Nicholas van Rijn (2376 to c. 2500 AD) is a fictional character who plays the central role in the first half of Poul Anderson's Technic History cycle of stories and novels.

==Description==
Nicholas van Rijn is a flamboyant capitalist adventurer, and is of Dutch ancestry (apparently a resident of Djakarta, and thus an Indo). His speech is bombastic and heavily laced with unconventional constructs, puns, oaths, and words from various Northern European languages: in particular Dutch, German, and possibly Danish. Although he frequently employs malapropisms such as "Angular-Saxon" or "hunky-dinghy", they are often so devious or apropos as to appear intentional. Some more minor characters have used a similar patois. Van Rijn is well-educated in Earth's literature and history and also displays considerable cunning and capacity for bullying armed aliens into doing his bidding. Although a formidable individual in necessity (his battle cries have included "God send the Right!", "Kristmenn, Krossmenn, Kongsmenn!", and "Heineken Bier!"), he prefers material luxuries to personal heroism. He routinely describes himself as an old, weak, sinful man, but usually follows it by lamenting that his subordinates (or humanity in general) are unable to accomplish anything without his aid. Accordingly, van Rijn's intellect usually proves crucial to solving crises and mysteries that stupefy all other characters. In this regard, he is similar to the character of Mycroft Holmes.

Van Rijn is CEO of the Solar Spice and Liquors Company – a reference to the spice trade with the East Indies, of the Netherlands' Golden Age. In this the character is meant to suggest the Dutch merchant adventurers of that time, and is far closer to them than to the 20th century Dutch. He is libertarian in his philosophy, expressing contempt for government and believing that unfettered commerce is the only path to peace and prosperity. He describes commerce as "swindling each other", enjoys watching yacht races, is two metres tall and "globular" in shape, has a goatee beard, dresses in colourful and anachronistic fashions, wears numerous rings, and is called "Old Nick" by his employees. He routinely speaks in a loud, basso voice which Anderson often likens to the sound of a hurricane or avalanche, much as his physical bulk is often compared to a mountain or a Jovian planet. He is apparently impervious to personal abuse but is angered by stupidity, incompetence, prevarication, and delay. He has never married but has taken many paramours and has at least two natural children. With Sandra Tamarin, the Grand Duchess of the planet Hermes, he has a son, Eric Tamarin-Asmundsen. With a woman named Ramona, he has a daughter, Beatriz (neither one's surname is given); Beatriz's daughter Coya Conyon marries David Falkayn, the other central character of the Polesotechnic League series. Van Rijn swears by a number of saints including Saint Dismas, and has expressed the intention of burning candles in offering (to which another character responded: "Saint Nicholas had best get it in writing").

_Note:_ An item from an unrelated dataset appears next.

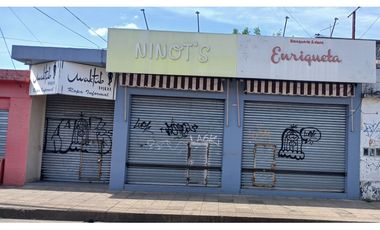 TRES LOCALES EN VENTA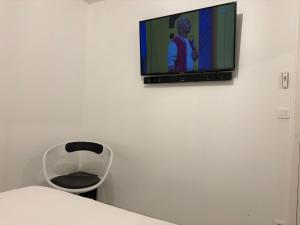 Appartements Appart-hotel61 OFFRE D-OUVERTURE Au pied de tous commerces & commodites ainsi que marche mercredi & samedi : photos des chambres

In times of stress, he has been known to shout "This I have not deserved! Do you hear me!", presumably at God.

In the Dominic Flandry novel A Plague of Masters, taking place centuries after van Rijn's death in the waning days of the Terran Empire, it is noted that van Rijn's adventures have entered deeply into the popular culture of humanity and become the staple of storytellers plying their trade in the marketplaces of more backward planets.

==Critical commentary==
Algis Budrys, reviewing Trader to the Stars, described van Rijn as "the boorish slob who makes unblushing use of his naked power, wallows in the sensual luxuries attendant on his commercial success and thus makes a splendid pulp hero".

==Origin of the name==
Anderson was well read in the Viking Period and Medieval history of Denmark. During a civil war in 1372, one Nicolaus van Rin was involved in that country's first recorded use of gunpowder. He tried to smuggle a small barrel each of sulphur and saltpetre to King Valdemar's troops but was caught and executed by a rebellious feudal lord in Ribe.